At least those can be compressed well. Let's see... something like:
my %occurrences;
while(<>) {
# Extract the IP addresses
my ($from_ip, $to_ip) = /...some regex.../ or next;
# Losslessly compress them into an 8-byte key
my $key = pack("C8", split(/\./, "$from_ip.$to_ip"));
$occurrences{$key}++;
}
# Now convert the counts to small, easily sorted things
my @data;
while (my ($key, $count) = each %occurrences) {
# Use network byte-order (big-endian) because it
# will sort alphabetically in numeric order
push @data, pack("N", $count) . $key;
# To save space, shrink the hash. Note that it is
# normally unsafe to modify the set of entries in
# a hash while iterating over them, but deleting
# the current entry returned by 'each' is explicitly
# allowed (perldoc -f each).
delete $occurrences{$key};
}
# Now we have a simple array of (packed) counts and IP
# pairs.

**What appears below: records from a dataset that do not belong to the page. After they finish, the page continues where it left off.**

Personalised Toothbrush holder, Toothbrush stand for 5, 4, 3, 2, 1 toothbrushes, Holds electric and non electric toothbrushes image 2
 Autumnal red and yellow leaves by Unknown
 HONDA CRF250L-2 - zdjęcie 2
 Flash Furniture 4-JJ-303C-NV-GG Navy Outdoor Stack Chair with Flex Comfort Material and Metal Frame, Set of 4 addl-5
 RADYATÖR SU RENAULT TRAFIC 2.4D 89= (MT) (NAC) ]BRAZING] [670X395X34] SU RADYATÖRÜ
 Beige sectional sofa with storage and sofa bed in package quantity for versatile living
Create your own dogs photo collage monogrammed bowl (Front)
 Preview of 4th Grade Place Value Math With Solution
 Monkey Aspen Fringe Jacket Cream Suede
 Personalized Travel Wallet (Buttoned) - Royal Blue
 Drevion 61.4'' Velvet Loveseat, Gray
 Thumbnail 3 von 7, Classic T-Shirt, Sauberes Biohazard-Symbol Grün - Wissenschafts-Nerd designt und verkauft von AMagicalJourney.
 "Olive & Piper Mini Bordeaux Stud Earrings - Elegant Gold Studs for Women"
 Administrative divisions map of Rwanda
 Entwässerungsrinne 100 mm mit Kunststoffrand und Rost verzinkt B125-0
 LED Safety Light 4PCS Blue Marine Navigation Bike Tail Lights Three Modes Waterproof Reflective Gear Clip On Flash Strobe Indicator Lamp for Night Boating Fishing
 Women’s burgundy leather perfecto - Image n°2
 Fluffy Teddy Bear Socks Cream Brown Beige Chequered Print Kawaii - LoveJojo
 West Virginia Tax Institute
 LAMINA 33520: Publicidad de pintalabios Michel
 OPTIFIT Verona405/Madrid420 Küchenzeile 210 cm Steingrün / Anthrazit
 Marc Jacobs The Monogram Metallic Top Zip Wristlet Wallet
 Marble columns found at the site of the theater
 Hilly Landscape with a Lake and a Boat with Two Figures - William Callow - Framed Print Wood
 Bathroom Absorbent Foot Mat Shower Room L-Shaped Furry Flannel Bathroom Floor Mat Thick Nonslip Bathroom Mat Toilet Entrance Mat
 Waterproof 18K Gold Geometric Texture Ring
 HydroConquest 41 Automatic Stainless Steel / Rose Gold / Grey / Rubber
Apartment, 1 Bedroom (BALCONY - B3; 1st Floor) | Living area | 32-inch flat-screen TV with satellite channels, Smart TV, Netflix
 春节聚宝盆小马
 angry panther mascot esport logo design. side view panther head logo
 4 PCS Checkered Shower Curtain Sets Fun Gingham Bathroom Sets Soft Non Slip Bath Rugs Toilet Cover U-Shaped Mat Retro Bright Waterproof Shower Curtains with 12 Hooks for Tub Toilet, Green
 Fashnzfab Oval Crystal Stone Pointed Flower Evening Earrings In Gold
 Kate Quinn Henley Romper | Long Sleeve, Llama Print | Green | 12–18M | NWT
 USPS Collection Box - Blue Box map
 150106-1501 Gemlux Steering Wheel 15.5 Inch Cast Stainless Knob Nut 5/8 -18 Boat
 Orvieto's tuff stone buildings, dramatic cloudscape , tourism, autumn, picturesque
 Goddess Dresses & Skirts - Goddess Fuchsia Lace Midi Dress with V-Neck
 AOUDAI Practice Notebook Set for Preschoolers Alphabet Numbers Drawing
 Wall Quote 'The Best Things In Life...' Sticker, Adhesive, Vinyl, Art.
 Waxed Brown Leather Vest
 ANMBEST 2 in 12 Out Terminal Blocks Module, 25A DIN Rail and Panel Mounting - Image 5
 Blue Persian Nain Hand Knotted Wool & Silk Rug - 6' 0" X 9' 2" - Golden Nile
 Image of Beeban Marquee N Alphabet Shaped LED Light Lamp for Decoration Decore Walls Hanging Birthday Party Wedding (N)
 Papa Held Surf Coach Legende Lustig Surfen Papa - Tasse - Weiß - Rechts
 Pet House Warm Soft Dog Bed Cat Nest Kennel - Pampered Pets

The easiest thing to implement would then be:
return (reverse sort @data)[0..$N-1];
# A trickier implementation that would avoid the superlinear
# expense of sorting would be to grab a random element and
# partition the array into a group of elements that are
# greater than that element, and a group of those that are
# smaller. As soon as the size of the group that is greater
# exceeds $N, throw out the other group and just finish
# creating the group of larger elements. If you're unlucky
# and your "larger" group never gets up to $N elements,
# start over again with a smaller pivot element.
#
# Repeat until you are left with a more manageable size,
# and then just do the sort.
while (@data > 10000) { # Assuming $N < 10000
my (@big, @small);
# The first element may be "random" enough, since it's
# in perl's hash order. But you really probably ought
# to pick a better one, just in case.
my $pivot = shift(@data);
while (@data) {
my $elt = shift(@data);
($elt gt $pivot) ? push(@big,$elt) : push(@small,$elt);
if (@big >= $N) {
while (@data) {
$elt = shift(@data);
push(@big, $elt) if $elt gt $pivot;
}
last;
}
}
if (@big >= $N) {
@data = @big;
} else {
# Put the pivot at the end so we don't reuse it!
push @data, @big, @small, $pivot;
}
}
Unpacking the result is left as an exercise for the reader. I didn't test this all that much, but it seems to more or less work, and the idea is the main thing.
|